Thursday, September 13, 2012

I will kick your ass. In 10 weeks.

I have wanted to take a self defense course for a while now. So, when my friend Nyeski (so weird that I have never mentioned her here) found a groupon for 10 weeks of self defense classes for like $35, we both jumped on it.

The introductory class was tonight. I expected to get an explanation of what to expect, maybe learn some simple things like punching and kicking. Oh boy was I wrong.

The groupon was slightly unclear. Slightly. Nyeski and I walked into a Krav Maga introductory course. Wherein we got our asses kicked. 

Krav Maga is the fighting technique used by the Israeli army. It is definitely self defense. The basic premise is to fight until you can get yourself out of the situation and safe. And they mean fight. There is no fucking around with pepper spray and tazers.

I spent at least 20 minutes mounted over Nyeski (and she me) while we flipped each other off. 

My knuckles look like, well, I got in a fight.
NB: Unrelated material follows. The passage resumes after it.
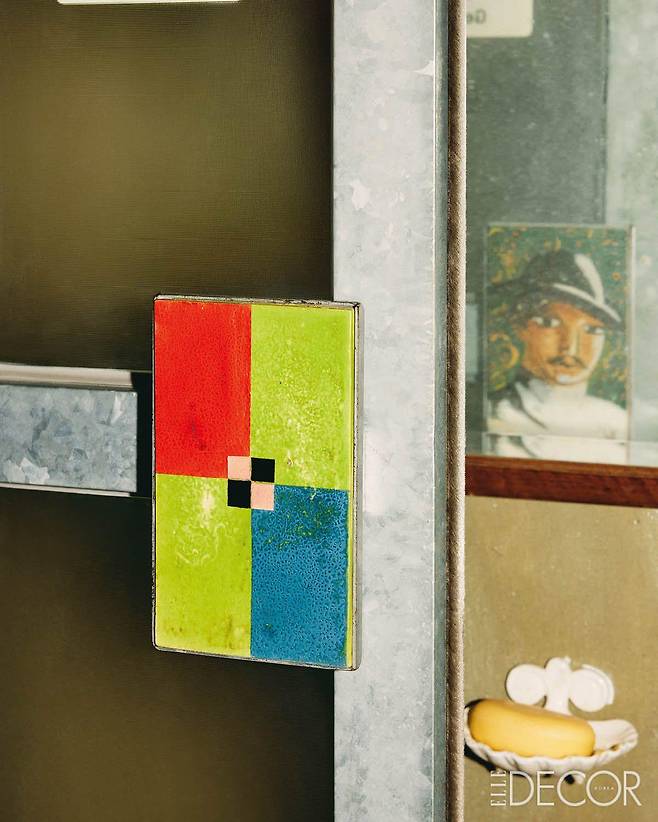 타일을 조합해 만든 문손잡이.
I have found 4 bruises so far. BIG bruises. 

I learned how to fight away from under someone. From over someone. How to kick someone so hard that it breaks their pelvis. Or dislocates their hip. I learned how to punch. I had no idea how to punch. I grabbed a total stranger and kneed him repeatedly (into a cushy mat he was holding.)  

I hate violence. That's not what this is. One of the first things he told us was never to use these techniques to start a fight. To never be the cause of violence. Simply to hone what we would instinctively do, so when attacked or in an unsafe situation, we can get away and get safe. 

And you guys, IT WAS SO FUCKING AWESOME. I hate working out. I tolerate running. I tolerate other work out methods. This? This I would do every day. Well, no I wouldn't. Because tomorrow I am fairly certain I will never be able to move again. The groupon included 10 weeks of classes and if I continue to like it as much as I do, I will probably discuss with the boy a way to join permanently. I liked it that much. 

An added bonus was that it was probably the best workout I have had in a really, really long time.

He said to only do what we could and I managed to keep up the entire time, until right at the end, when I quite literally ran out of steam. During the kneeing the total stranger exercise. Who actually asked if I was OK. Which I was. Barely. 

I can't wait until next Thursday. I am kind of dreading tomorrow when all of the soreness comes out and I collapse in a giant puddle of ouch. But, it will be that delicious soreness that means you worked your ass off.